- Given records -
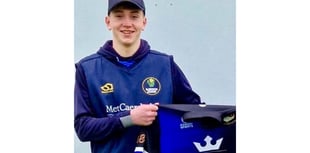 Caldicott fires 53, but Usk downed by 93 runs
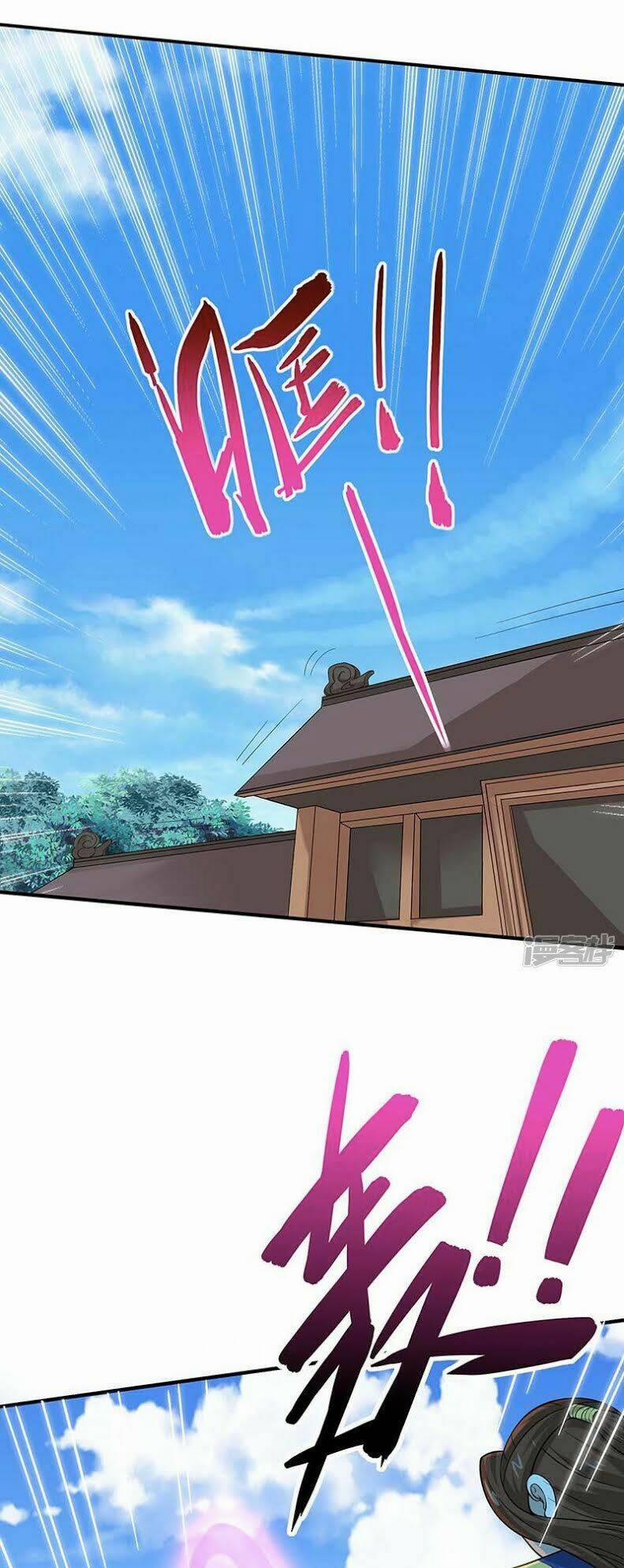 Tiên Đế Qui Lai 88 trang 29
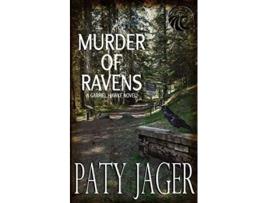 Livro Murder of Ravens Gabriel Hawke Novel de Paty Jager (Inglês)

...

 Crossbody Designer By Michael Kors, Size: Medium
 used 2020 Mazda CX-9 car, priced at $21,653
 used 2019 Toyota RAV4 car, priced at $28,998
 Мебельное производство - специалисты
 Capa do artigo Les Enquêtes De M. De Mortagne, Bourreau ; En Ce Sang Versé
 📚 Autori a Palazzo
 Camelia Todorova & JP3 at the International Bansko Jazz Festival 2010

- Goal of the exercise -
All that is needed is the exact run of lines above from the line containing "Мебельное производство - специалисты" through the line containing "Camelia Todorova &", both of them included.

- Response area -
 Мебельное производство - специалисты
 Capa do artigo Les Enquêtes De M. De Mortagne, Bourreau ; En Ce Sang Versé
 📚 Autori a Palazzo
 Camelia Todorova & JP3 at the International Bansko Jazz Festival 2010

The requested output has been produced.